Showing posts with label Big Bend National Park. Show all posts
Showing posts with label Big Bend National Park. Show all posts

Monday, July 26, 2021

The Big Bend of Texas (07-25-21)

 
Paul and I love this area of Texas, and have been here several times. Big Bend is one of my favorite national parks- but this time, we came for something else- Big Bend Ranch State Park.  We chose to stay at a resort that is closer to the state park than the national park. It has a pool, fitness room and restaurants. I guess part of the reason I have been choosing resort type places is because its so hot outside, we need things to do besides hike.



Anyway, our first morning there it was our intent to drive into the state park and do a hike. As we sat drinking our coffee, I punched it in Google maps and discovered its a 2 hour drive- mostly down a dirt road. Well, we had lingered too long over our coffee, so we didn’t make it to the park that day. I had forgotten that to get anywhere in this area is at least an hour and a half drive. We elected to leave very early the next day and make a whole day of it.






Instead, we took a short ride along the Rio Grande, enjoying the scenery.









Up early the next day we headed into the park. One of the things I noticed on the bone jarring ride down the dirt road, was a veritable forest of Ocotillo.  We are used to seeing one or two of these plants, but this was thousands of them. And there were “babies”, which we rarely see anywhere.








We stopped at the ranger station to get the scoop on what we should do, and she recommended Cinco Tinajas Trail, about 3 miles round trip.









A tinaja is basically a natural basin with water in it. We hiked as far along as we could without having to go IN the water, then headed up the side, to look down into the chasm.







Further along the trail we came upon a red tailed hawk.  It was really neat to see the mockingbird dove bomb the hawk repeatedly. He must have been near the bird’s nest but he sure didn’t seem to take the attack seriously.

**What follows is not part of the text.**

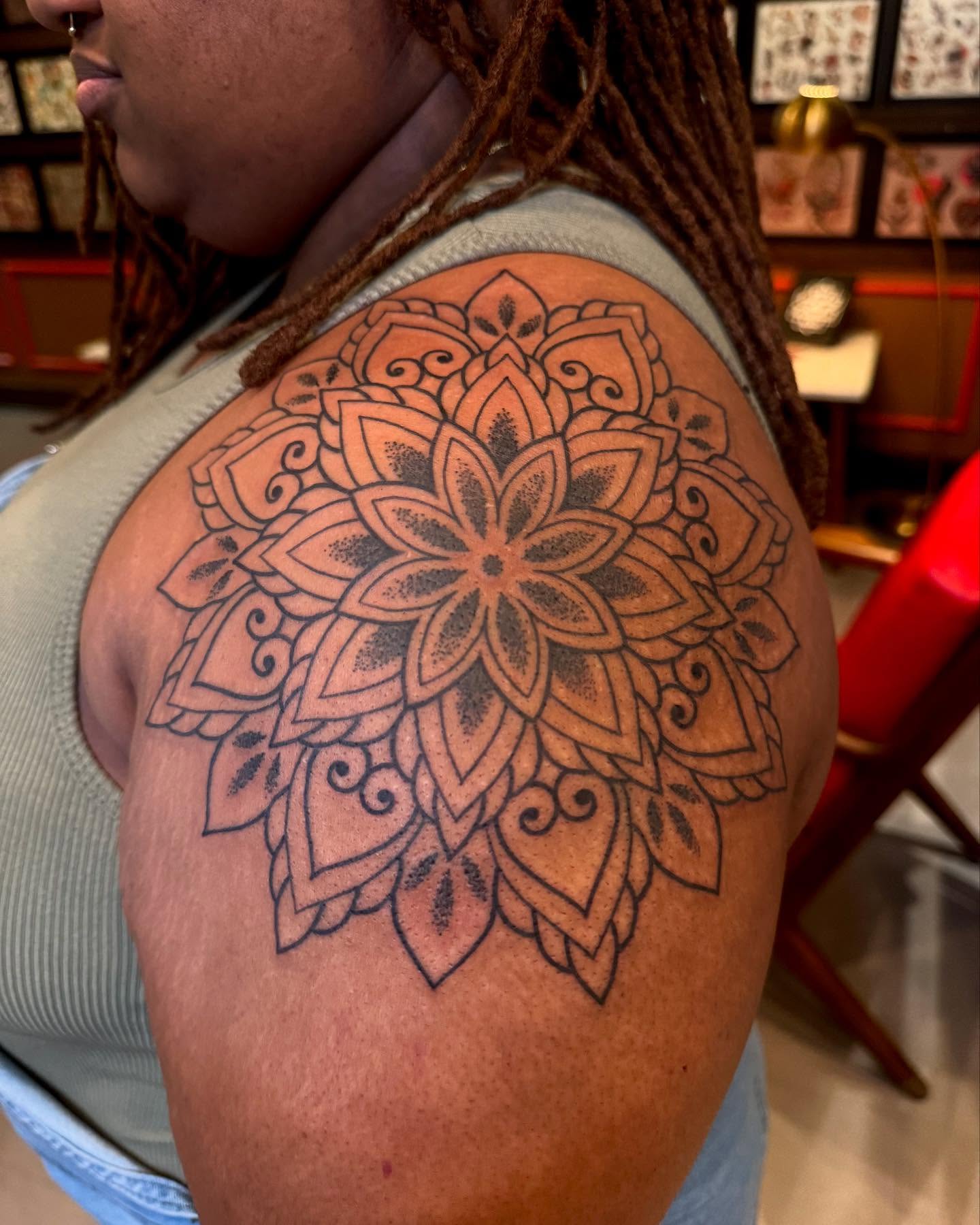 Tattoo by @ambergreytattoos — dotwork, ornamental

He didn’t seem to care about us much either, showing his apparent disdain by ignoring us.










It was already getting quite warm by the time we finished that hike, so we elected to pass on the second one we were going to do, and just drove around the park, having decided that Big Bend Ranch State Park would be a One Day and Done kind of park.








On the way back to the rig, we stopped to do a short hike into Closed Canyon.  The walls of the canyon are so high, its partly in the shade, making it cooler in the canyon. However, it was 102* outside, and one of us thought that was a little too warm to venture very far into the canyon, so we took a peek, and headed back out.










Being gluttons for punishment, we were up and out the door by daybreak the next day, hiking up a hill adjacent to the RV park.









It was 4 miles round trip, giving us views of the surrounding area and the Rio Grande.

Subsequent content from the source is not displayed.